* **Dataset section**
▼

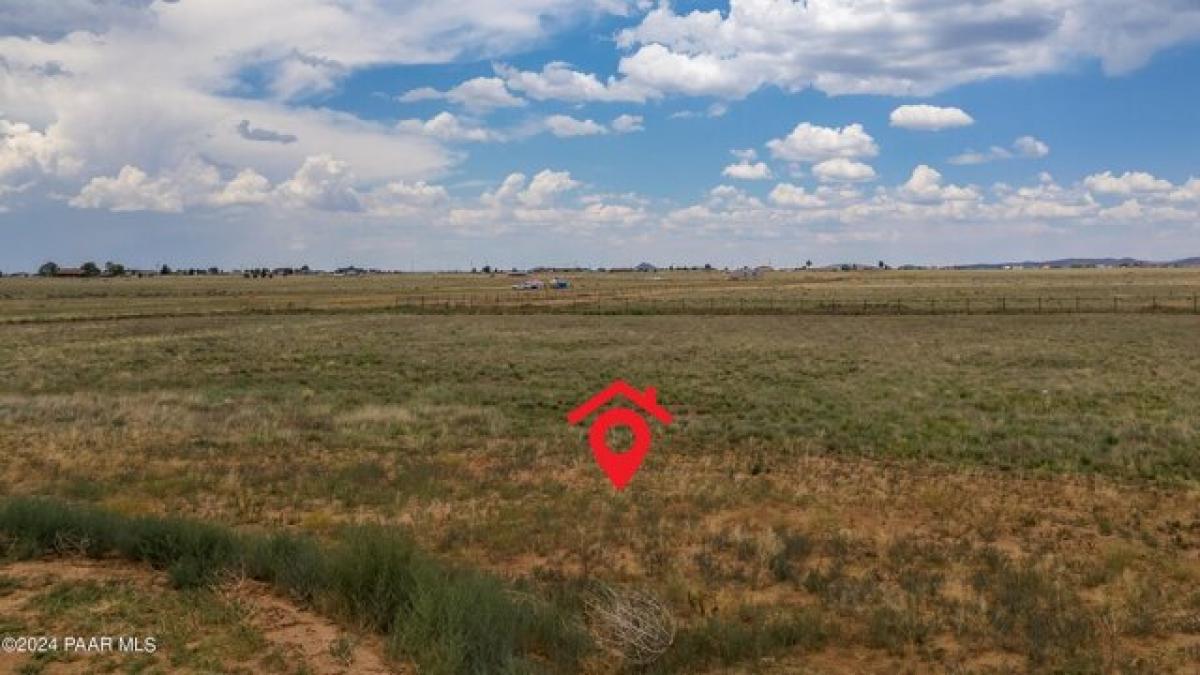 Picture of Residential Land For Sale in Prescott Valley, Arizona, United States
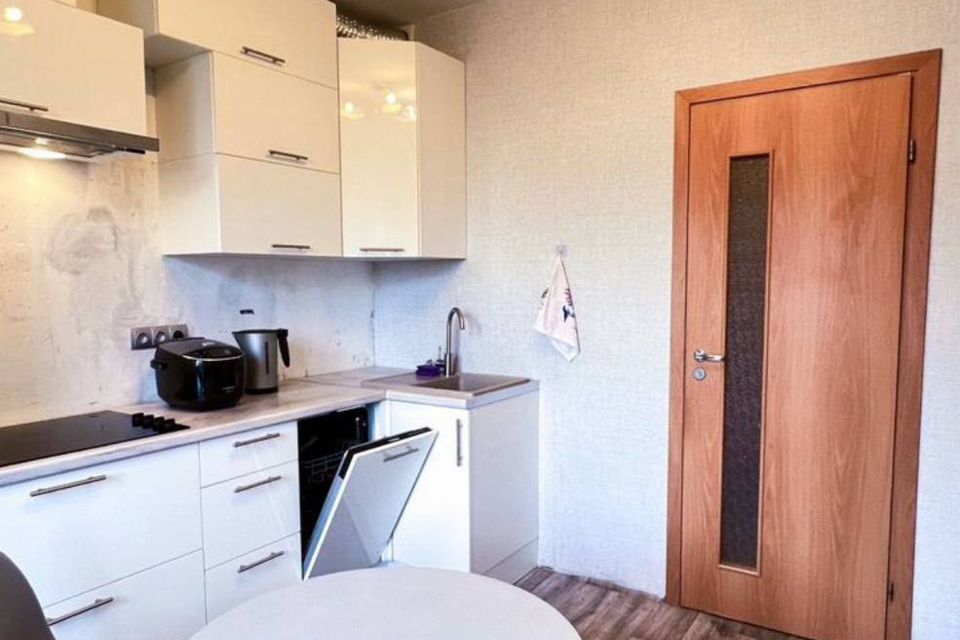Сдаётся 1-комнатная квартира, 40.7 м²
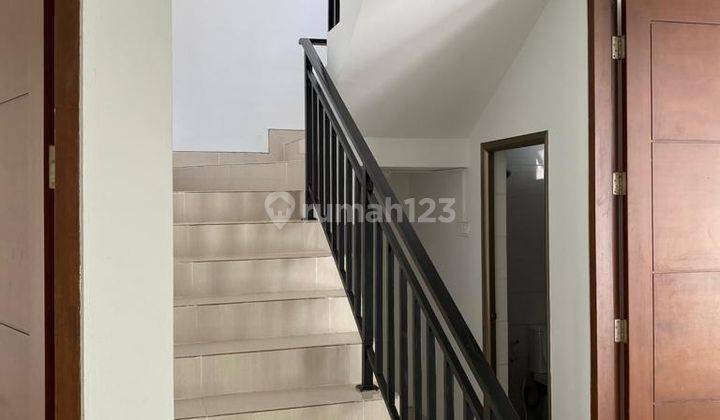 Disewakan 1 Unit Rumah di Grand Orchid 10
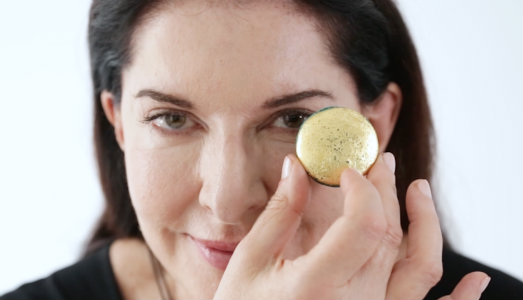 Torino Art Week/10. Gusto Abramović. Al Bar Cavour, Rapahel Castoriano presenta i macaron d’artista Torino Art Week/10. Gusto Abramović. Al Bar Cavour, Rapahel Castoriano presenta i macaron d’artista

▲

* **Your objective**
Repeat every line above exactly, but omit all images.

* **Answer box**
 Picture of Residential Land For Sale in Prescott Valley, Arizona, United States
Сдаётся 1-комнатная квартира, 40.7 м²
 Disewakan 1 Unit Rumah di Grand Orchid 10
 Torino Art Week/10. Gusto Abramović. Al Bar Cavour, Rapahel Castoriano presenta i macaron d’artista Torino Art Week/10. Gusto Abramović. Al Bar Cavour, Rapahel Castoriano presenta i macaron d’artista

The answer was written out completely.